When investigating a company, data arrives from dozens of sources: the Czech

ARES registry returns "Navigara s.r.o.", the EU sanctions list references

"NAVIGARA SRO", and a WHOIS record shows "Navigara, s.r.o." as the domain

registrant. Are these the same entity? Entity resolution answers this question

systematically across millions of records.


Without proper entity resolution, investigations produce fragmented profiles

with duplicate entries, missed connections, and unreliable risk scores. The

Prismatic entity resolution system addresses this with a multi-stage pipeline

combining fuzzy matching, confidence scoring, and graph-based analysis.


Fuzzy Matching Strategies


The first stage applies multiple string similarity algorithms in parallel.

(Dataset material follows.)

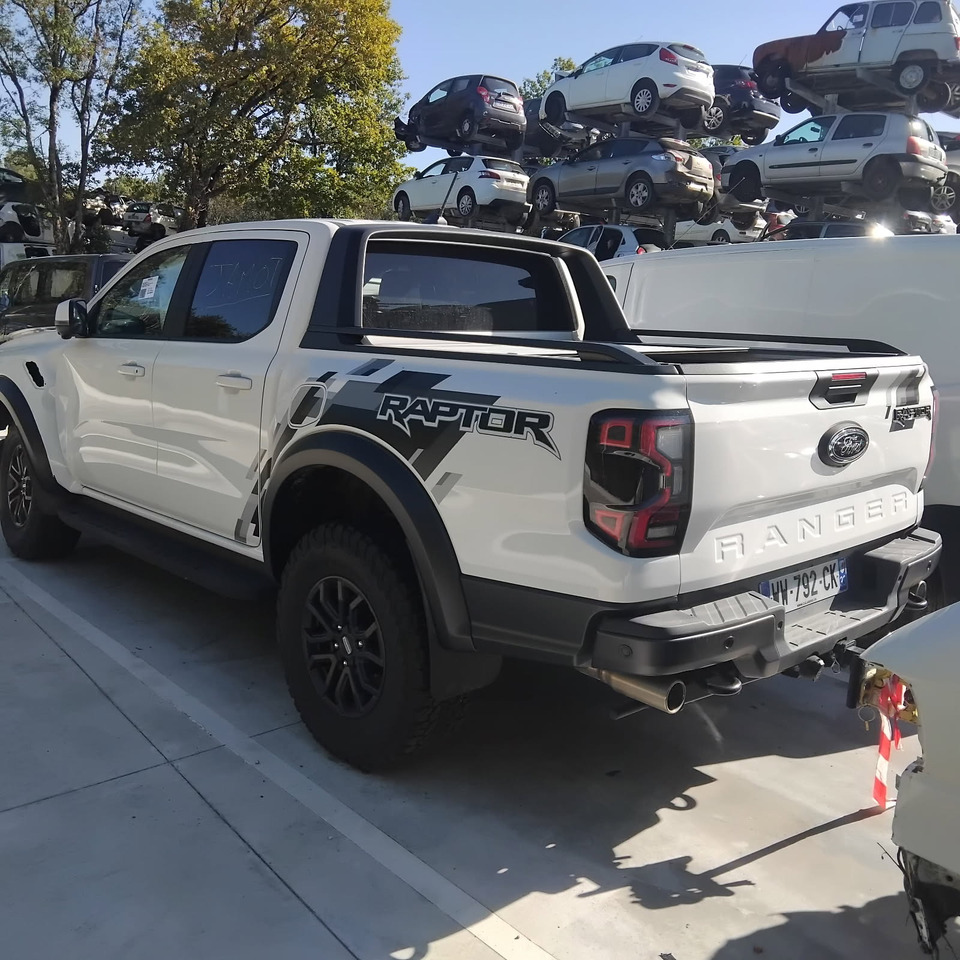 FORD RANGER RAPTOR - Truk pikap: gambar 3 FORD RANGER RAPTOR - Truk pikap: gambar 3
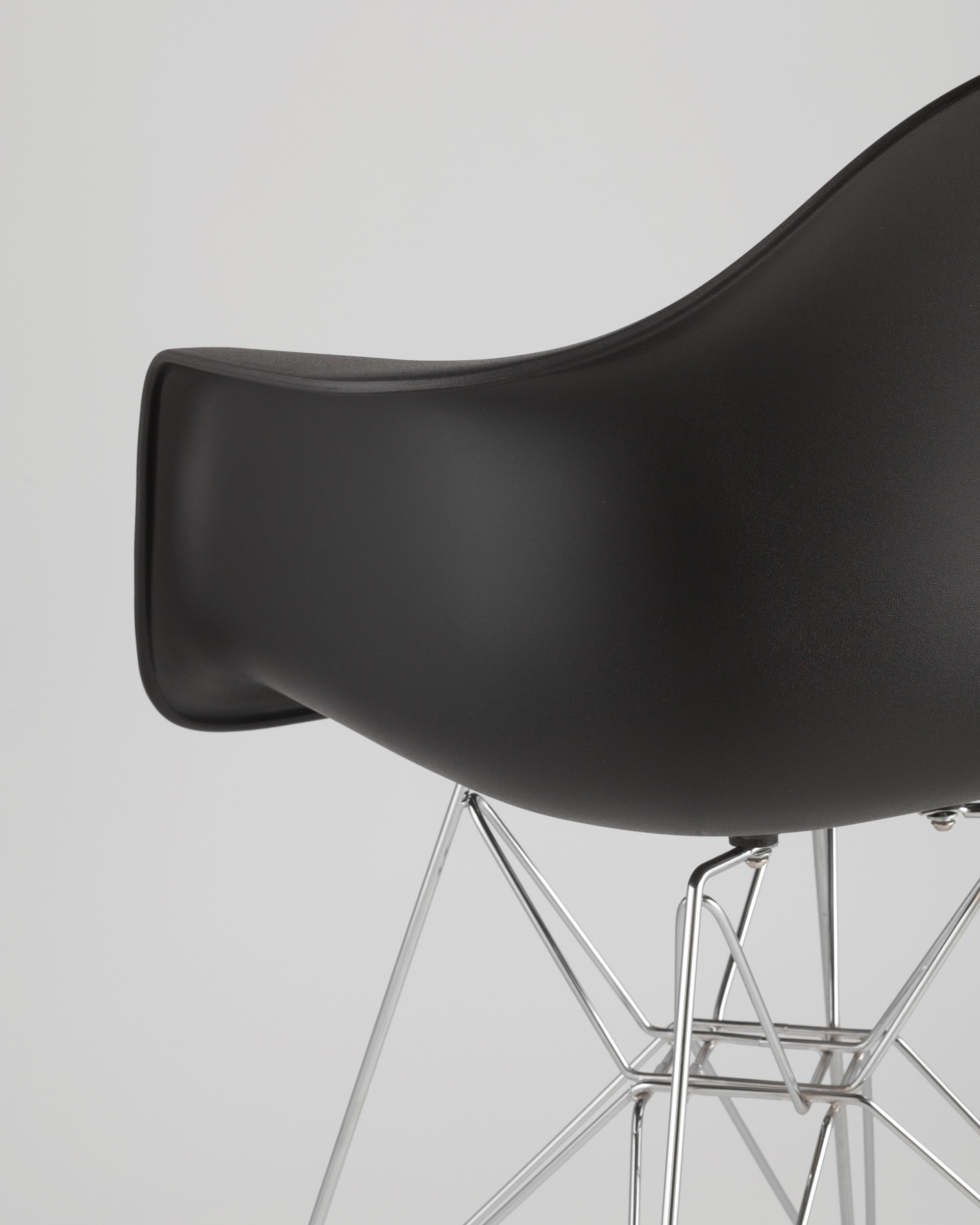 Stul_Eames_DAR_chernyj__6__Gray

Each algorithm captures different aspects of name similarity:


Jaro-Winkler distance works well for short strings and handles common

typos. It gives higher weight to matching prefixes, which is useful for

company names that share a root but differ in legal suffixes.


Levenshtein distance counts the minimum edits needed to transform one

string into another. It handles insertions, deletions, and substitutions

but struggles with transpositions.


Token-based comparison splits names into tokens, normalizes each one

(removing legal suffixes like s.r.o., a.s., GmbH, Ltd), and computes the

Jaccard similarity of the token sets. This handles word reordering and

partial matches effectively.


Phonetic matching using a Czech-aware Soundex variant catches names

that sound similar but are spelled differently, which is common when

names are transliterated from Cyrillic or other scripts.


Confidence Scoring with Nabla


Raw similarity scores from fuzzy matching are transformed into calibrated

confidence values using the Nabla epistemic framework. Nabla distinguishes

between two types of uncertainty:


Epistemic uncertainty reflects our lack of knowledge. When we have only

a company name and no ICO (company ID), the uncertainty is epistemic and

can be reduced by fetching additional identifiers.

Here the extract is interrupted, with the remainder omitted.